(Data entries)
● ● ● ●
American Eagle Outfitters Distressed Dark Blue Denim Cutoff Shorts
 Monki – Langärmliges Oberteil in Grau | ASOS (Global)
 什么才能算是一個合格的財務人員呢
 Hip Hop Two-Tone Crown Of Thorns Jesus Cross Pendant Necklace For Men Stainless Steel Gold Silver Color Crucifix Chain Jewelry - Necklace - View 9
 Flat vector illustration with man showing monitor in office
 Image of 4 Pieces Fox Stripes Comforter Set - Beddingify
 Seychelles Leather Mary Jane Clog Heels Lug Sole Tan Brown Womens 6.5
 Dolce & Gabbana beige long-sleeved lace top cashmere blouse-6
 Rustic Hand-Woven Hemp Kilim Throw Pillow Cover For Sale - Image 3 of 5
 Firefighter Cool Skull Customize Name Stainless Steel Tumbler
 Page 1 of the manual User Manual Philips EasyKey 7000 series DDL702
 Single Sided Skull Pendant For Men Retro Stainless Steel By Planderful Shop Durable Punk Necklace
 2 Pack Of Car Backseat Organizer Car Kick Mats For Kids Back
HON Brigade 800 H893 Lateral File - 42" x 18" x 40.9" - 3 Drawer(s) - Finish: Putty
● ● ● ●
» What is required
Your answer must consist only of the lines from the one with "Flat vector illustration" through the final line of the entries, each retyped exactly.

» Result for this task
 Flat vector illustration with man showing monitor in office
 Image of 4 Pieces Fox Stripes Comforter Set - Beddingify
 Seychelles Leather Mary Jane Clog Heels Lug Sole Tan Brown Womens 6.5
 Dolce & Gabbana beige long-sleeved lace top cashmere blouse-6
 Rustic Hand-Woven Hemp Kilim Throw Pillow Cover For Sale - Image 3 of 5
 Firefighter Cool Skull Customize Name Stainless Steel Tumbler
 Page 1 of the manual User Manual Philips EasyKey 7000 series DDL702
 Single Sided Skull Pendant For Men Retro Stainless Steel By Planderful Shop Durable Punk Necklace
 2 Pack Of Car Backseat Organizer Car Kick Mats For Kids Back
HON Brigade 800 H893 Lateral File - 42" x 18" x 40.9" - 3 Drawer(s) - Finish: Putty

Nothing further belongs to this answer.